◆ **THE TASK**
Write the records out again exactly, but without pictures.

◆ **Web page caption snippets**
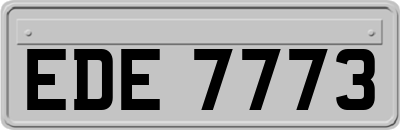 EDE7773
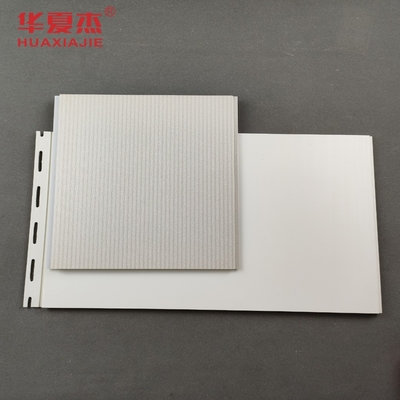 Bon prix Panneaux de plafond en PVC de 457 mm x 8 mm en blanc / bois / couleur personnalisée en ligne
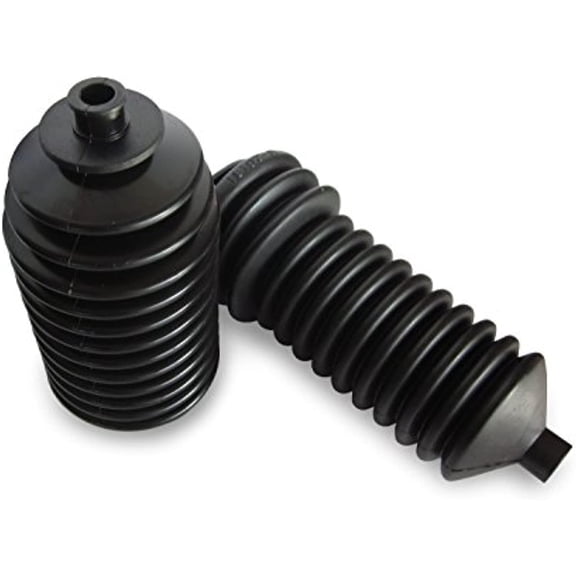Polaris Ranger 400 500 570 700 800 900 Steering Rack Boots (PAIR) - 5412012 5412013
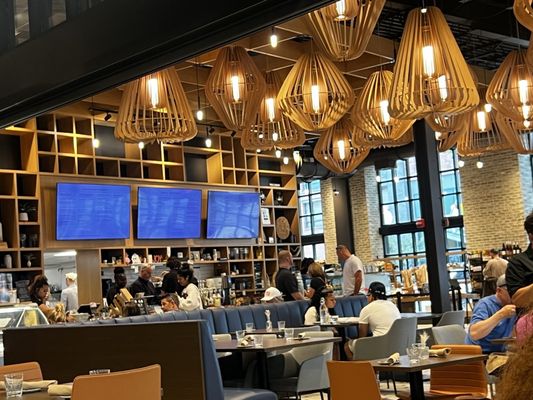 Kneads Bakeshop & Café by null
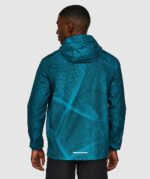 Monterrain Costar Blue Windrunner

◆ **OUTPUT FOR THIS EXERCISE**
 EDE7773
 Bon prix Panneaux de plafond en PVC de 457 mm x 8 mm en blanc / bois / couleur personnalisée en ligne
Polaris Ranger 400 500 570 700 800 900 Steering Rack Boots (PAIR) - 5412012 5412013
 Kneads Bakeshop & Café by null
 Monterrain Costar Blue Windrunner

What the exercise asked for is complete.